Chesebro,Powell and Others in Trump's Orbit

It depends on the interaction between the two, at the time of the alleged advice. Whether a lawyer-client relationship was created would depend on the particular facts, and is determined by applying the law governing lawyer duties to the facts of the particular case. If one of the parties denies that there was a lawyer-client relationship, and something turns on the issue in litigation, then the court would have to make a determination.

Thanks!

So might D. Trump denying that she was his lawyer be a way to hold up and disrupt the courts even further by forcing them to make this determination before her testimony or information could be used in his trial (s)?

I think where it could come into play is the “advice of counsel” defence. But if the Donald is now saying that they weren’t his lawyers, hard to simultaneously say that he relied on their legal advice.

I don’t know how it would work procedurally, but trial judges are generally pretty good at moving things along.

Personally, I think this is just Trump’s standard reaction: attack anyone who says bad things about him, and deny that he had any dealings with them.

That may work when you’re stiffing a contractor and there’s not much by way of a paper trail.
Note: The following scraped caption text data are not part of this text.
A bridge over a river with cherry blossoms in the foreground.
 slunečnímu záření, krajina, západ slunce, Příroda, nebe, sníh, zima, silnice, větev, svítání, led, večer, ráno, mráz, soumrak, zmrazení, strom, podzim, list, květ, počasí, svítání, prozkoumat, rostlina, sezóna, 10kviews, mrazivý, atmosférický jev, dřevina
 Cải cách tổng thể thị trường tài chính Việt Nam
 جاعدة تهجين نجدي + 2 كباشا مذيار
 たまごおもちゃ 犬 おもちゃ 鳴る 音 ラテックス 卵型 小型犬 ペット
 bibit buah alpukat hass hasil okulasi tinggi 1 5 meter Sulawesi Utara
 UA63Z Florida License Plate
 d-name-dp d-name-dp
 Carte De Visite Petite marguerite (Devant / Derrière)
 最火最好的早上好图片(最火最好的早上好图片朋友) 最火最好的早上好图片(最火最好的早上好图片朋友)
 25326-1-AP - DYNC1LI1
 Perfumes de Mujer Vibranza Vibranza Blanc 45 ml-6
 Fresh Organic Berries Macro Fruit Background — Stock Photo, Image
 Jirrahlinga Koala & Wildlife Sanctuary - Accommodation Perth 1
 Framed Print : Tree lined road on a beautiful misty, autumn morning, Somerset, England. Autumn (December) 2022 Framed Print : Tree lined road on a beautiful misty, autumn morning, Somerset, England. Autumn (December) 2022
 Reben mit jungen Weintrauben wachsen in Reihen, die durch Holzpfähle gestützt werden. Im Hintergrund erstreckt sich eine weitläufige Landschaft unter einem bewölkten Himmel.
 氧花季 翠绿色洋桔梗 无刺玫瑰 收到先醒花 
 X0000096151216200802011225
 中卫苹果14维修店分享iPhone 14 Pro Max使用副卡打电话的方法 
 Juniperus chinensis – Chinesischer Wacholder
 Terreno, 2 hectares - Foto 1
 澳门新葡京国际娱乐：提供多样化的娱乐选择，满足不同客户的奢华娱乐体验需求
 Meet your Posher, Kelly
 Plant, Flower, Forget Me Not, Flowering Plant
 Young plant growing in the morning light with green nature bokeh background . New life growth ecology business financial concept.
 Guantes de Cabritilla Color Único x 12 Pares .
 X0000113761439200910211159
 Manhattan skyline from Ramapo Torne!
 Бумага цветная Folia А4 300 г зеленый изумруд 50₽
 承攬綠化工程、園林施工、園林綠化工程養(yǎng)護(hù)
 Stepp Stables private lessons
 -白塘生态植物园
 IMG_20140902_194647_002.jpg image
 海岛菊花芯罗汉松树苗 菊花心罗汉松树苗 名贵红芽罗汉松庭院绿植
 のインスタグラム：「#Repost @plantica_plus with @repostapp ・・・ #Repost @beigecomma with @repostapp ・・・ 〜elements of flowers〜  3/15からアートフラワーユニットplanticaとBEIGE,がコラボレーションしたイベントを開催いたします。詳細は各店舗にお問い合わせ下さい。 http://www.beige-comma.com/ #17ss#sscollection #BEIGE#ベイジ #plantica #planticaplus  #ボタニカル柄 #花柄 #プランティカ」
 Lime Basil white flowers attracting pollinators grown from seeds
Not the same when you’re the President of the United States, and everything you do is watched by the media and other politicians.

People keep throwing about “advice of counsel defense” [or defence for you northerners] but I’m not sure it would even apply to the charges here. I don’t think it’s a formal affirmative defense, but perhaps is relevant along the lines of “I didn’t have any intent to commit a crime, and relied on the fact these lawyers assured me it was perfectly legal.” For such an argument, I don’t think the “lawyers” have to be his lawyers. It would work just as well if he read their opinions in the Wall Street Journal. Of course, intending to commit a crime is not the issue. Intent to do the acts is what the Government must prove.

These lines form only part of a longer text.